We’ve implemented some audio streaming code that sends floats from point A to point B in chunks of X amount of samples, then re-samples the chunks to the destination sampleRate if conversion is needed, and we’re running into a problem where it’s mostly working fine but there are “micro-stutters” introduced when listening to the stream if it was resampled.
Our suspicion is that we’re losing a sample in the final buffer due to a rounding error possibly, but we can’t seem to nail this down and it’s driving me crazy. Here is the code which performs the resample on the incoming chunks (in our case we are only working with mono/stereo so don’t mind the hard-coded channel logic)
I’ve seen various examples where sometimes there is no cast to double and instead a ceil is used on the result, but it doesn’t seem to matter which we choose; the microstutters are still there after recombining the buffers. If the entire source buffer is sent at once there are no audio issues so it has something to do with the resampling and recombining of chunks for sure.

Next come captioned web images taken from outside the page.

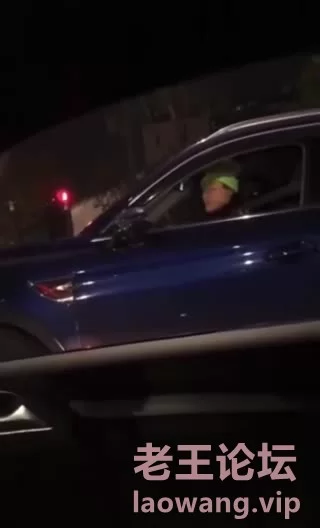z0ahsb1obbb.jpg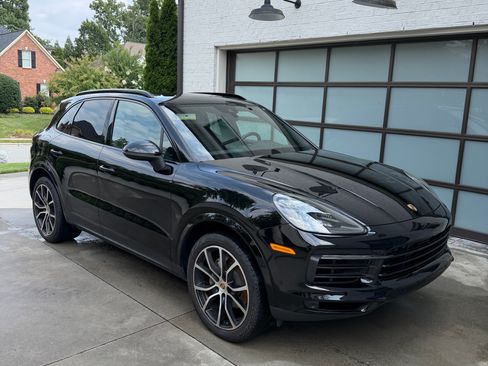 Used 2019 Porsche Cayenne AWD/4WD image 2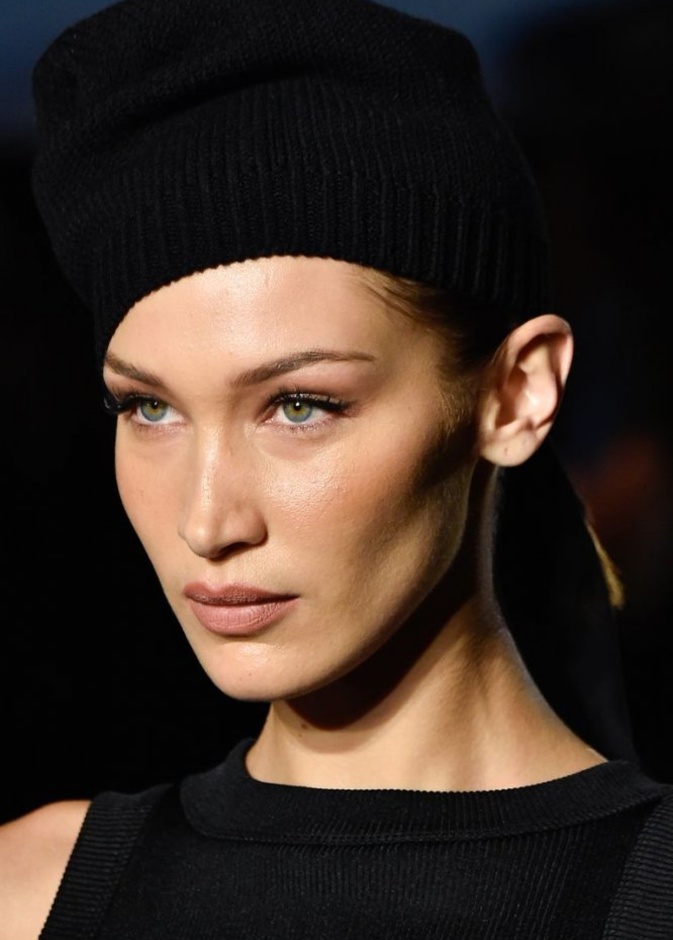 طريقة تطبيق مكياج عيون ناعم لصاحبات العيون الخضراء من Brandon Maxwell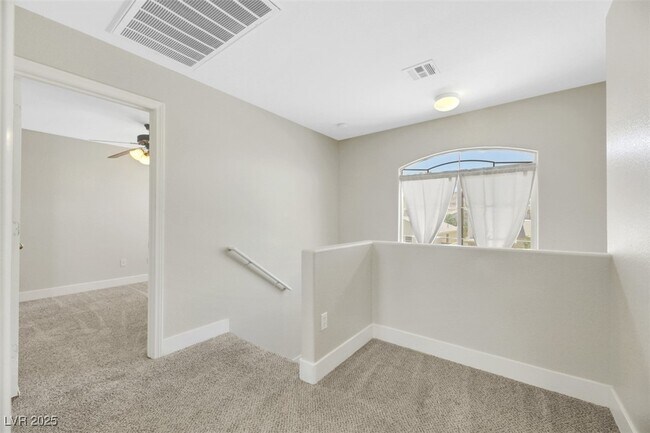 Building Photo - 7228 Quarterhorse Ln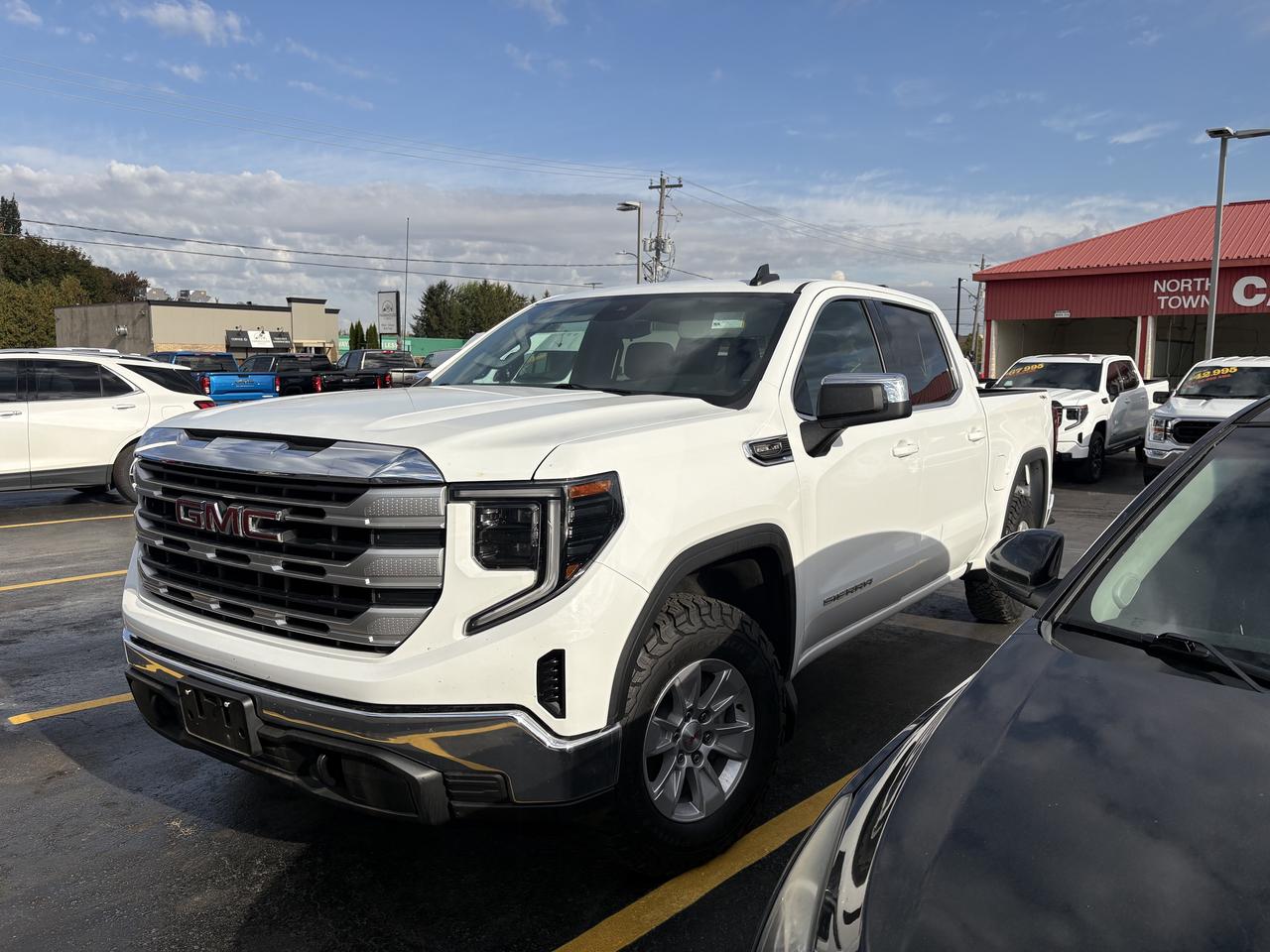2025 GMC Sierra 1500 SLE 4WD Crew Cab Photo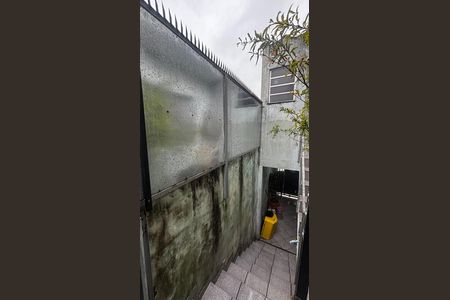 Casa à venda com 165m², 2 quartos e 2 vagas Casa à venda com 165m², 2 quartos e 2 vagasQuintal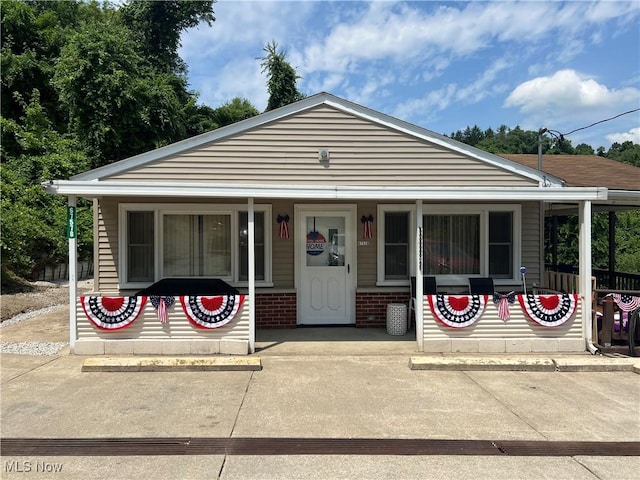 view of front facade with covered porch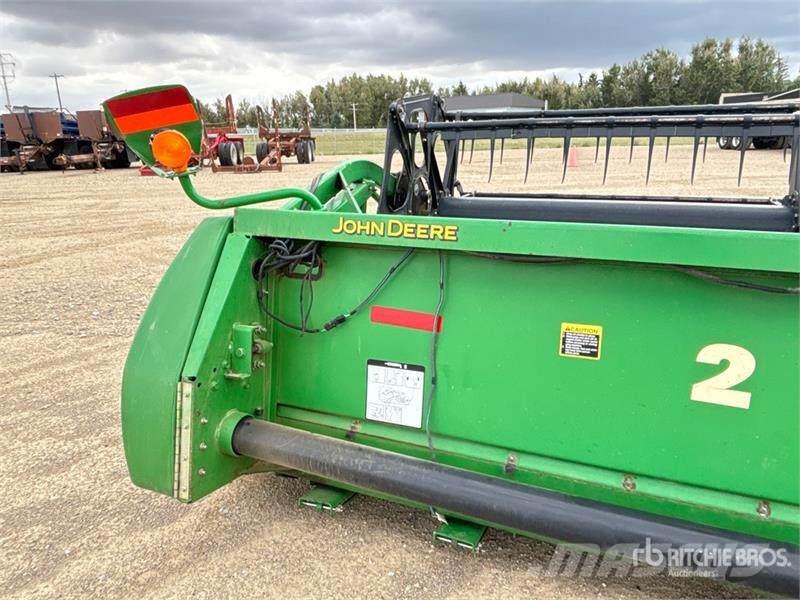 John Deere 630R 30 ft Rigid Combine Header Glave hederi za kombajne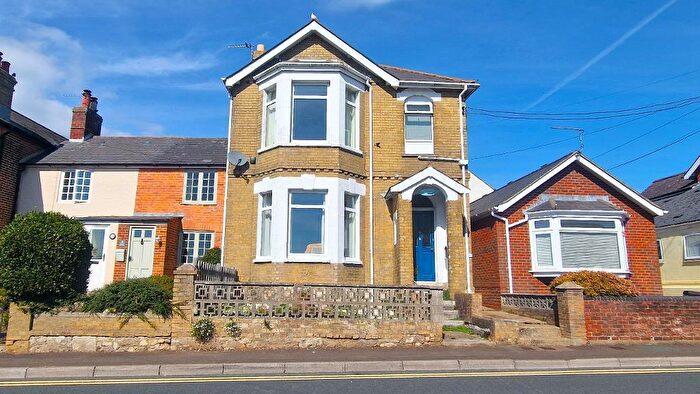 2 Bedroom Flat For Sale In Upper Green Road, St Helens, Isle Of Wight, PO33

Does anyone have any ideas?
void SampleManager::ResampleBuffer(double p_dblRatio, AudioSampleBuffer& p_roBuffer, int p_iChannels, bool p_CreateNew)
{
// Adjust the buffers size based on the sample rate ratio.
jassert(p_dblRatio > 0);
int AdjustedNumSamples = (double)p_roBuffer.getNumSamples() / p_dblRatio;
AudioSampleBuffer temp;
temp.clear();
temp.setSize(p_iChannels, AdjustedNumSamples, true, false);
const float** inputs = p_roBuffer.getArrayOfReadPointers();
float** outputs = temp.getArrayOfWritePointers();
if (p_CreateNew)
{
std::unique_ptr<LagrangeInterpolator> resamptemp1 = std::make_unique<LagrangeInterpolator>();
resamptemp1->reset();
resamptemp1->process(p_dblRatio, inputs[0], outputs[0], temp.getNumSamples());
if (p_iChannels > 1)
{
std::unique_ptr<LagrangeInterpolator> resamptemp2 = std::make_unique<LagrangeInterpolator>();
resamptemp2->reset();
resamptemp2->process(p_dblRatio, inputs[1], outputs[1], temp.getNumSamples());
}
}
else
{
resampler1->processAdding(p_dblRatio, inputs[0], outputs[0], temp.getNumSamples(), 1.0f);
if (p_iChannels > 1)
{
resampler2->processAdding(p_dblRatio, inputs[1], outputs[1], temp.getNumSamples(), 1.0f);
}
}
p_roBuffer = temp;
}
EDIT: Here’s another method I found online OpenShot Library | libopenshot: AudioResampler.cpp Source File
Couple of oddities in this one
- new_num_of_samples = round(num_of_samples * dest_ratio) - 1; ← What is the difference between this and the method I posted above? Should there not be just one way of calculating this?
- // Prepare to play the audio sources (and set the # of samples per chunk to a little more than expected)
resample_source->prepareToPlay(num_of_samples + 10, 0); ← why +10? Where does this magic number come from?